═════ Input material ═════
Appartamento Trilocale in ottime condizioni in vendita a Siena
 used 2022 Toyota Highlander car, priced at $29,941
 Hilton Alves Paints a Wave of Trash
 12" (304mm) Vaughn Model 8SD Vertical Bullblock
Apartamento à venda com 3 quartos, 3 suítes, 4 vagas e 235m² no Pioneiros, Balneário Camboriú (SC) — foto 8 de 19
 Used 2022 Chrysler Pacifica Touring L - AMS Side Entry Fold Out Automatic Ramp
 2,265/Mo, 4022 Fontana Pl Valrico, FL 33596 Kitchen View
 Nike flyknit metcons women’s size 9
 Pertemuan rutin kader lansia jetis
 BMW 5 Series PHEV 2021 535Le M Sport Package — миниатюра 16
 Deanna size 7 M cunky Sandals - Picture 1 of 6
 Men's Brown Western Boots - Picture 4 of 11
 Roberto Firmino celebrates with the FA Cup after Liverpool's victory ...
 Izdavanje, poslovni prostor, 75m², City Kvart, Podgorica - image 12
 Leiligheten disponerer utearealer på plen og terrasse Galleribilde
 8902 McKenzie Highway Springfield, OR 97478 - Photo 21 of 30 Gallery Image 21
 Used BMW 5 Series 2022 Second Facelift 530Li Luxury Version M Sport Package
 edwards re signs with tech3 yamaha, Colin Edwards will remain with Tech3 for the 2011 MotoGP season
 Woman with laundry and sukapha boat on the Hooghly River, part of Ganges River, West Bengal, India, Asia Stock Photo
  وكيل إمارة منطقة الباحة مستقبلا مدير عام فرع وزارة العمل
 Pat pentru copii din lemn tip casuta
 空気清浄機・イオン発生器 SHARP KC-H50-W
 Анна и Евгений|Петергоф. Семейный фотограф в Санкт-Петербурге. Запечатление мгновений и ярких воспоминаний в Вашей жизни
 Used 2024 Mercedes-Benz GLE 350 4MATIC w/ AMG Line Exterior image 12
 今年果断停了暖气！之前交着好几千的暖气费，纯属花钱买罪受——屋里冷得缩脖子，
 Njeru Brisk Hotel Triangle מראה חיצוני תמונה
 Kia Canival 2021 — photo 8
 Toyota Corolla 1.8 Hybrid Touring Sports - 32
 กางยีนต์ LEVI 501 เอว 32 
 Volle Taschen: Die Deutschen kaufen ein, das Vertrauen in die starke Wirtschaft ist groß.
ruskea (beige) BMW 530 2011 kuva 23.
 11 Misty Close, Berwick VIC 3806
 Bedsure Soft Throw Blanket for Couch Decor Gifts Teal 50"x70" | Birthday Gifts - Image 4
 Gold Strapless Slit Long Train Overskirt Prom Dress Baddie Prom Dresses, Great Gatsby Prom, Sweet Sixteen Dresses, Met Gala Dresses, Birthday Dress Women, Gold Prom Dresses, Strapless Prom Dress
═════
**Exercise**
The word "with" appears in some of the lines above. Copy those lines.

**Finished task**
 Roberto Firmino celebrates with the FA Cup after Liverpool's victory ...
 edwards re signs with tech3 yamaha, Colin Edwards will remain with Tech3 for the 2011 MotoGP season
 Woman with laundry and sukapha boat on the Hooghly River, part of Ganges River, West Bengal, India, Asia Stock Photo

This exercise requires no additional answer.